Exoplanets have been observed around a variety of host stars, at all stages of stellar evolution, including main-sequence, sub-giant and red giant branch stages. Additionally, white dwarf pollution signatures may indicate the presence of planetary systems in a large fraction of white dwarf systems. Moreover, since the majority of stars are in binary configurations, stellar evolution for these systems can have large implications on the planetary dynamics. I will show that the post-main sequence evolution of these systems leads to a variety of interesting phenomena, such as the formation of Hot Jupiters around evolved stars, the consumption of planets by stars, and the pollution of white dwarfs with heavy elements.

Mar 13 Gary Ferland
University of Kentucky
host: Daniel Proga
Quasar emission lines– a six decade-old grand computational/spectroscopic challenge

Quasars are the most luminous objects in the universe, so bright that we can get good spectra out to high redshift, 90% across the universe. They have strong emission lines that are formed in high-density clouds exposed to ionizing radiation. The challenge is to figure out how to use them as signposts for conditions in the early universe. I will outline the spectroscopic and computational challenges posed by their spectra, the big unanswered questions, and what we can do about them.

Mar 20 Spring Break

Mar 27

Apr 3

Apr 10 Brian Metzger
Columbia University
host: Bing Zhang

Apr 17

Apr 24 Joshua Pepper
Lehigh University
host: Jason Steffen

May 1 Ilse Cleeves
University of Virginia
host: Zhaohuan Zhu

May 8 Study Week

May 15 Patrick Kilan
Los Alamos National Laboratory
host: Daniel Proga
Numerical Plasma Physics

We have a fairly good and complete model of plasma physics for more than 80 years now.
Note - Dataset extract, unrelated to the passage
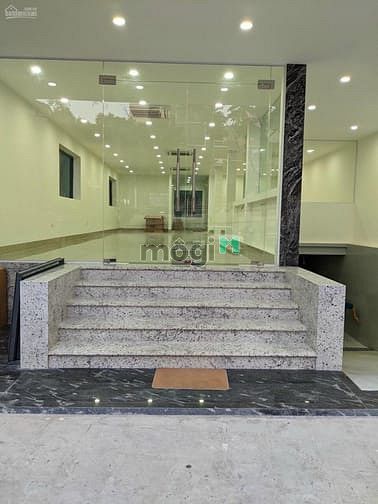 Hình ảnh Cho thuê nhà 5 tâng mặt phố Trần khát Chân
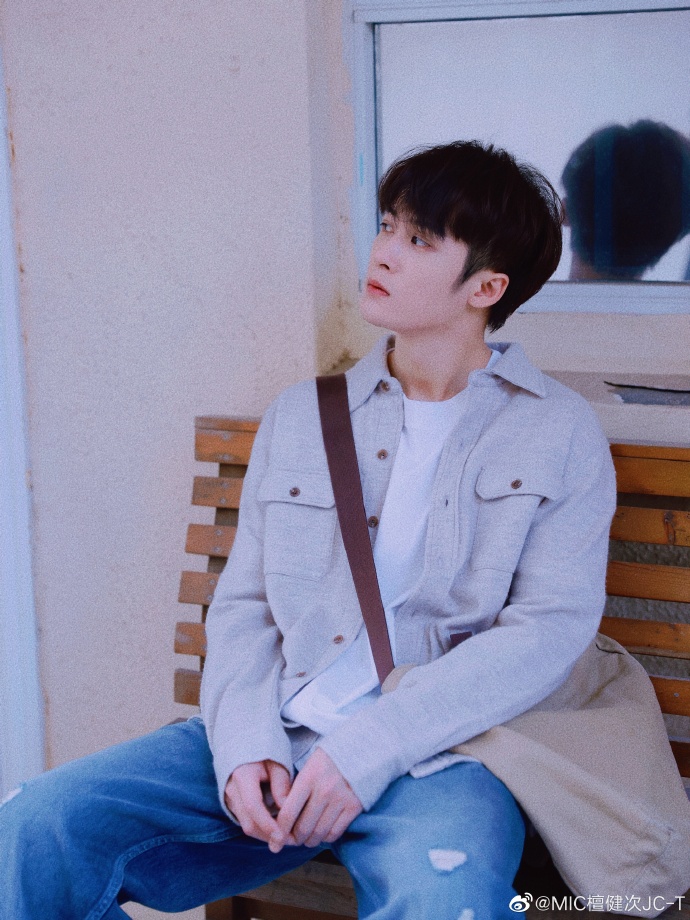 组图：檀健次《长相思》新路透图银发造型侧颜精致仙气飘飘第3张图片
Nevertheless there are still many phenomena in plasma physics that are not fully understood. To make progress most research nowadays relies on computer simulations. But there is no single simulation method that is clearly the best in all cases. This talk will give an overview over the commonly (and not so commonly) used methods that have been developed and will discuss their upsides and limitations. I will point out connection between different simulation methods and gaps in the landscape of possible approaches.